Tuesday, 23 February 2016

Sunday afternoon in Sfrerracavallo

Sunday 21st February 2016

We woke this morning at Camping Villaggio la Pineta to clear blue skies but a chilly breeze. What to do - stay here and explore the coastal mountains a bit more, or head towards Palermo? In the end we opted for the latter as the weather forecast for Tuesday looks unsettled and it would be nice to see Palermo in sunshine.

So we packed up and were on the road by 11:00am. As we headed south passing the broad expanse of the Golfo del Cofano we wondered if we had made the right decision. A track off the road led to a crescent of sand with pale mountains overshadowing an inky blue bay. Two vans were wild camping by the beach. It was so tempting to turn off and join them. I think it must have been from here that a member of Motorhome Adventures Facebook group posted some stunning photos about six weeks ago. He described finding himself the only van on the beach and taking to skinny-dipping in January! A plucky fellow...

Alluring wild camping spot on the low promontory in the Golfo del Cofano
In the end we carried on, but I have made a mental note of the location if we come this way again. Back through Purgatorio, the name of the village never fails to amuse, then east. following signs for the motorway to Palermo. The mountains here are covered in quarries. Living in Buxton we know about quarries. Our home town tries to promote itself as a spa and trade on its annual opera festival, but really mineral extraction is its speciality. So, at least far as Google Earth is concerned, Buxton's most notable feature is the series of humongous holes that circle the town. Italian quarries are quite different. They seem to extract the stone in huge rectangular blocks as if they were sole contractors to Ramses II. The effect on the landscape is remarkable, as if an enthusiast for George Braque had decided to reverse engineer his early cubist work back into the landscape.

Cubist quarries
The traffic on the motorway was light. We began to congratulate ourselves on our decision to travel on a Sunday at lunchtime. What better time to traverse the outskirts of Palermo than at the weekend (no HGVs). and no psychotic hatchback drivers (all dutifully visiting Mamma for Sunday lunch). We have a talent as we travel for developing theories which are plausible and elegant, but prove, when put to the test, to be entirely ill-founded. Today was no exception.

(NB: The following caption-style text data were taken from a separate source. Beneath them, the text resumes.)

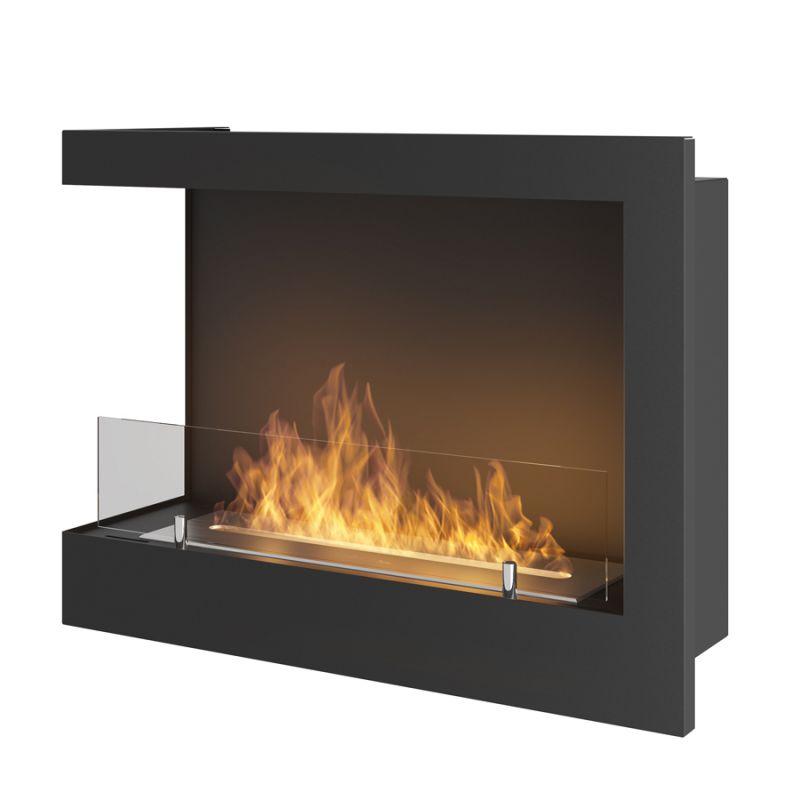 Біокамін Simple Fire CORNER 600 L Зі склом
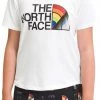The North Face Girls' Pride Graphic T-Shirt Tnf White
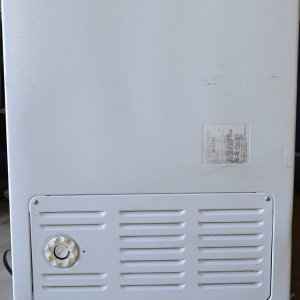 Side on Freezer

We had reason to be apprehensive. The ACSI handbook warns that access to Camping Degli Ulivi is difficult for larger motorhomes. A quick reccie on Streetview revealed narrow streets packed with badly parked cars. Furthermore, a couple we camped next to at Marsala had stayed at Degli Ulivi last week. They muttered darkly regarding the incomprehensible one-way system. In reality the experience proved much worse than even these dire predictions had promised. All of the foregoing challenges proved true, but augmented by the complete failure of our Sunday lunch-time traffic lull theory. The reason why traffic was light on the motorway is that everyone in the region was attempting to squeeze through the narrow streets of Sfrerracavallo to reach the Sunday flea-market and fish restaurants that line the town's quaint harbour. We only discovered this later when we took a stroll

Where has all the traffic gone?
Miraculously we arrive at the campsite unscathed; how I managed this I have no idea, as I had snuggled through gaps in traffic that at first glance looked narrower than Maisy's ample girth. It was a warm afternoon. Gill got the chairs out and relaxed outside. It was some time before I joined her, preferring to find a shadowy corner in the cab where I could suck my thumb, and rock back and forth in a quasi-catatonic state, muttering, "Fiat Panda, Fiat Panda," quietly in an automatic monotone.

Following a couple of hours of mental breakdown I had recovered sufficiently to risk a short walk. Here's the thing, Italy can change in a trice from being infuriating to utterly charming. The seafood spaghetterias around the small fishing port were crowded, mainly with families enjoying an extended Sunday lunch. On the quayside a flea-market had been set up. Couples wandered through it, pausing to peruse the trash on offer, but stopping momentarily for a kiss. In among them kids darted about; I paused to admire a small boy's ball skills. He may have only been ten years old, but his dribbling skills could have bewildered any of Roy Hodgeson's possible defensive line-ups. It was all very convivial and lovely. 

Sunday market at Sfrerracavallo

Lunch by the harbour

Pop-up retail from the Ape

Me, watching people watching people

The glass had been removed from the parapet, we only saw one person fall through...

The fish quay philosopher

pretty boats

pretty harbour
There were some intriguing aspects to the scene. Who was the mysterious elderly man in the dark overcoat who prowled the market shadowed by his minder? People gave him a wide berth, and he spoke to no-one, other than to admonish a group of adolescents whose horse-play had become tad raucous for his liking. It seems to me that in Sicily there is always some underlying, unspoken edge; as visitors we might sense it, but never fully comprehend what is going on.

Who were the mystery men, should we even enquire?